No, he said the statement was empty and thus he could later go either way. You added the 'wiggle room' statement, why would Obama need 'wiggle room' when he hasn't in the slightest committed to anything?

The companies backing this bill will throw enough money at politicians to get it through once the media gets tired of covering this as a story.

I've seen pretty much jack-sh*t about SOPA on 'traditional' media and what little I've seen has been slanted as a bill to 'protect american jobs' (lol, yeah right), anti-SOPA has pretty much been an all internet campaign from start to finish and it's been hugely successful in building momentum.

Obviously this scares the sh*t out of alot of people with power out there, given that while traditional media is so narrow that it can easily be controlled, people on the internet get their information from a wide range of sources, not only that but they also get to discuss this information on a global scale, no longer are we confined to political discussions around the dinner table. All this together with the ease at which people can quickly rally around/against something, again on a global scale, makes all these powermongers scared and thus incredibly motivated to control the web. This goes way beyond online piracy.
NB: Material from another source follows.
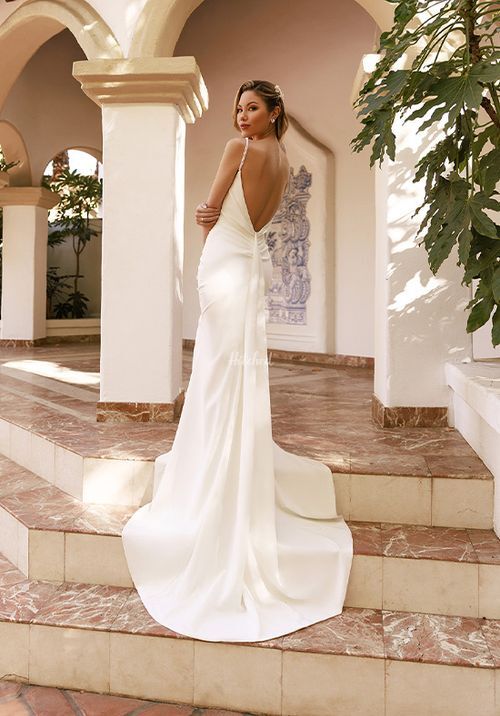 T190, Moonlight Bridal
Given this, obviously there will be alot of shills out there now trying to make the shelving of SOPA the result of 'the White House's statement' and downplaying the importance of the organized it-industry/internet campaign against SOPA. This is because that if people understand just how much power they have and start organising in order to make things happen then the power structure enjoyed by big organisations will start to crumble and power will be shifted.

With the internet we have a voice which can in effect rival the huge amounts of paid lobbyists the corporations and rich private interests can muster. Not only that, but we can put it into action by campaigning directly against companies who are working against our interests (see GoDaddy).